B9780123849885000012/f01-05-9780123849885.jpg is missing
Figure 1.5
Schematic representation of the tiling strategy used to load subsets of large arrays from GPU global memory, into small regions of the high-performance on-chip shared memory. © 2009 Association for Computing Machinery, Inc. Reprinted by permission [1] .
Hardware Global Memory Cache
NVIDIA recently released a new generation of GPUs based on the “Fermi” architecture that incorporate both L1 and L2 caches for global memory. The global memory cache in Fermi-based GPUs enables a comparatively simple kernel that uses only global memory references to run at nearly the speed of the highly tuned constant cache kernel; it outperforms the tiled-shared memory kernel due to the reduction in arithmetic operations encountered within the inner two loop levels of the kernel. The hardware cache kernel can operate on any problem size, with an expected graceful degradation in performance up until the point where the problem size exceeds the cache capacity, at which point it may begin to perform slower than uncached global memory accesses if cache thrashing starts to occur. Even in the situation where the problem size exceeds cache capacity, the strictly consecutive memory access patterns employed by the kernel enable efficient broadcasting of coefficients to all of the threads in the thread block.
Zero-Copy Host-Device I/O
One performance optimization that can be paired with all of the other algorithms is the use of CUDA “host-mapped memory.” Host-mapped memory allocations are areas of host memory that are made directly accessible to the GPU through on-demand transparent initiation of PCI-express transfers between the host and GPU. Since the PCI-e transfers incur significant latency and the PCI-e bus can provide only a fraction of the peak bandwidth of the on-board GPU global memory, this technique is a net win only when the host side buffers are read from or written to only once during kernel execution. In this way, GPU kernels can directly access host memory buffers, eliminating the need for explicit host-GPU memory transfer operations and intermediate copy operations. In the case of the MO kernels, the output lattice resulting from the kernel computation can be directly written to the host output buffer, enabling output memory writes to be fully overlapped with kernel execution.

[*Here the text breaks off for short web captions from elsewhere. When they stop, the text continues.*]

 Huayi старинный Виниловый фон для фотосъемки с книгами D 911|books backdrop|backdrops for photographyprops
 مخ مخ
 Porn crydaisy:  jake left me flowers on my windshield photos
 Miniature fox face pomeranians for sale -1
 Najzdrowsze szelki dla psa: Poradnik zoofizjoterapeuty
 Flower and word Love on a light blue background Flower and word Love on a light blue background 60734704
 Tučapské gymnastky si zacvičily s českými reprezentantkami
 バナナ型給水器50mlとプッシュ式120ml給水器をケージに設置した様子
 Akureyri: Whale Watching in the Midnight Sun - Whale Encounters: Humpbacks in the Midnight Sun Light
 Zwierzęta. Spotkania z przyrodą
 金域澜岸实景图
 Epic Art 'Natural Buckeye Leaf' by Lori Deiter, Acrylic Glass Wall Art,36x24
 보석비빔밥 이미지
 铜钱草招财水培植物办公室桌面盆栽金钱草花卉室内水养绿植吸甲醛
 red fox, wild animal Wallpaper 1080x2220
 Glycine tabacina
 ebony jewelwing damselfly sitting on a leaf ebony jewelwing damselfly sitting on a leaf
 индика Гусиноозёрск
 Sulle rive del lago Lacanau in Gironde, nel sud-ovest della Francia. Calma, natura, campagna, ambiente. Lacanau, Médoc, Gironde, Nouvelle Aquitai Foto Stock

Just-in-Time Kernel Generation
Since Algorithm 1 is very data dependent, we observe that most instructions for loop control and conditional execution could be eliminated for a given molecule by generating a molecule-specific kernel at runtime. A significant optimization opportunity exists based on dynamical generation of a molecule-specific GPU kernel. The kernel is generated when a molecule is initially loaded, and may then be reused. The generation and just-in-time (JIT) compilation of kernels at runtime has associated overhead that must be considered when determining how much code to convert from data-dependent form into a fixed sequence of operations. The GPU MO kernel is dynamically generated by emitting the complete arithmetic sequence normally performed by looping over shells, primitives, and angular momenta for each atom type. This on-demand kernel generation scheme eliminates the overhead associated with loop control instructions (greatly increasing the arithmetic density of the resulting kernel) and allows the GPU to perform much closer to its peak floating-point arithmetic rate. At present, CUDA lacks a mechanism for runtime compilation of C-language source code, but provides a mechanism for runtime compilation of the PTX intermediate pseudo-assembly language through a driver-level interface. OpenCL explicitly allows dynamic kernel compilation from C-language source.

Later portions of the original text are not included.